·文化符码· | 拟像时代堕入虚空

     文/尤雾

尤雾 1982年生于上海,上海文艺评论家协会会员,专栏作家,从事文化分析和艺术批评写作,文章散见于各大媒体。

    我们依靠什么来面对现在的技术世界?肉身吗?在2005年以前,拟像世界还曾经如同科幻电影一样被人们所描述,但现在对拟像和象征的消费早就不是什么新鲜事了。人们在不知不觉中吃下了大量过去并不对胃口的东西,趣味也在逐渐漂移。以往我们总要拿着可触摸可感的纸币来换取可体会可见的商品,但今天的消费总是发生在无形之中。假如一个下载工具要求你加入收费会员才能提升速度,而你只要触碰指纹就完成了这笔消费。这一切都像发生在神话世界里,看上去你什么都没有损失,但实际上你什么都没有获得。劳动价值论在当下的社会经济行为里开始真正遭受到严重的挑战。

    从很多年前的QQ秀时代开始,整个虚拟消费的故事就拉开了序幕。假如说从生产分配到消费的过程都已经变得无影无踪,那么劳动的形态怎么可能保持原有的物质化外观呢?我们的生活越来越像柏拉图所描述的理念化世界,不需要肉身的接替就能完成灵魂的延续。人们在游戏世界里的造型或者网络通讯里的形象要远比他们的肉身更为真实,以至于我们在采用“真实”这样的措辞之时,也不得不思量再三。究竟谁是真实?谁是拟像?这样一个曾经被视为无可置疑的状况,现在已经逐渐走进了庄子梦蝶的情境之中。

    我们可以在手机游戏网络游戏里看到这样的情景,而各种美颜软件或者短视频平台更加加剧了这一趋势。最近,我们看到一名美妆播主将自己化妆为从蒙娜丽莎到德国国足主教练勒夫的各种各样造型,在网上引起了一大片惊叹。这成为了我们今天所面对的拟像世界的直接现实,孙行者学会了七十二变之后,究竟是谁变成了谁?孙行者也化身为七十二变中的其中之一,谁都不比谁更为现实。当那名姑娘卸下了她的妆容素面对人之后,又何尝不是另一层新妆呢?

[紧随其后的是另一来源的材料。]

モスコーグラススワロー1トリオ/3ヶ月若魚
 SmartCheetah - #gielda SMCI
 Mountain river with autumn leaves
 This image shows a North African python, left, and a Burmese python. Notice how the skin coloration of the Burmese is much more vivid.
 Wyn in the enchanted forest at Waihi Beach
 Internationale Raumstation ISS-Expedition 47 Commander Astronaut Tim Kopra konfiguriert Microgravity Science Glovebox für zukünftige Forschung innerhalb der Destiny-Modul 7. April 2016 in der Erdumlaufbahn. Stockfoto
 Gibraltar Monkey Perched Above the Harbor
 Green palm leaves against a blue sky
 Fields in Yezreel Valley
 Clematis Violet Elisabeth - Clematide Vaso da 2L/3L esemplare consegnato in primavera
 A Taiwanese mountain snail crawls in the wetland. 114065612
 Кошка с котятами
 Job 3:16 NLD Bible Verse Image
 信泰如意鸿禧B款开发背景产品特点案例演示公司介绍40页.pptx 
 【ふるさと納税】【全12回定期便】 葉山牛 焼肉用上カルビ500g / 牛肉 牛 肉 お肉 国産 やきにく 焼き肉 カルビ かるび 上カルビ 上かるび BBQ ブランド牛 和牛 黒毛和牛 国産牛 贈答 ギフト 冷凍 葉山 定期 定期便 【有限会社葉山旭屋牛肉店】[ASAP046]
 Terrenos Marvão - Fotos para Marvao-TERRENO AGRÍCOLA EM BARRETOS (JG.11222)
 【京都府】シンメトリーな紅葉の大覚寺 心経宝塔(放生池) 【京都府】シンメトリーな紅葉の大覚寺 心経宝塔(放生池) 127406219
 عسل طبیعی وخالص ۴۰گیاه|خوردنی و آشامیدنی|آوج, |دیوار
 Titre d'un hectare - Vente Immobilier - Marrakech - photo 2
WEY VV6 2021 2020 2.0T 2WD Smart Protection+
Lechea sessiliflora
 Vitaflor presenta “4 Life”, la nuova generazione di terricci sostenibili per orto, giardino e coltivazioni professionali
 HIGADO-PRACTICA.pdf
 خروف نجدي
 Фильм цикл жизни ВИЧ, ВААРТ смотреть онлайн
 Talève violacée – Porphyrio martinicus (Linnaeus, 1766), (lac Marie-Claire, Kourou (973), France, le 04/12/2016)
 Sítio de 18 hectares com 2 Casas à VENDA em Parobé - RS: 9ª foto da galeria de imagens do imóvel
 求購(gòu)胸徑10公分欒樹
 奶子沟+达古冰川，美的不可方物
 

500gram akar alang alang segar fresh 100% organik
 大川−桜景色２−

    不断有报道表明现在的年轻人现实感要远低于他们的前辈们,伦敦纽约是如此,东京是如此,现在国内城市也是如此。一度激进且穿透现实的年轻人变得越来越协调于拟像世界,这反而显出老一辈网民的格格不入。十年前上网的人们还在现实和拟像之间龃龉不安,鲍德里亚的煞有介事依旧在理论思想界发出回响,但这在今天又算什么事呢?电影《卡宾枪手》里,参加战争的士兵拿出了一大堆照片取代了原初的烧杀抢掠,而现在连照片都不需要,你要看什么,手指扫扫,这就是世界天堂和地狱。

    不是手机的问题,不是吃鸡游戏或者抖音软件的问题,而是肉身越来越沉重的问题。再也不需要西蒙娜·薇依来提醒我们,每一个人都开始在拟像的海洋里体会到肉身的沉重感和相应带来的不适,如同沉溺在海洋里漂浮,浮力和重力不断抵消,我们都变成了海的女儿,运行在水面上。

    或许有一天拟像时代会彻底把我们所征服,让我们遗忘那个曾经拥有重力的年代——事实上,电影《黑客帝国》早就预言了这一状况。而最近人们热议的电影《小偷家族》也可以视为这一状况的延伸,对偷窃的瓦解,对传统家庭的瓦解,对经典情感的瓦解。尽管我们习惯用以往的视角来看待这些故事,运用经典的解释法则来阐释这些影像,殊不知这些打破和瓦解已经变成了基本的态势,在拟像时代成长起来的年轻人从来就不会顾及过去时代的情感,就像我们也早已遗忘了昔日的人们曾经拥有的大地一样。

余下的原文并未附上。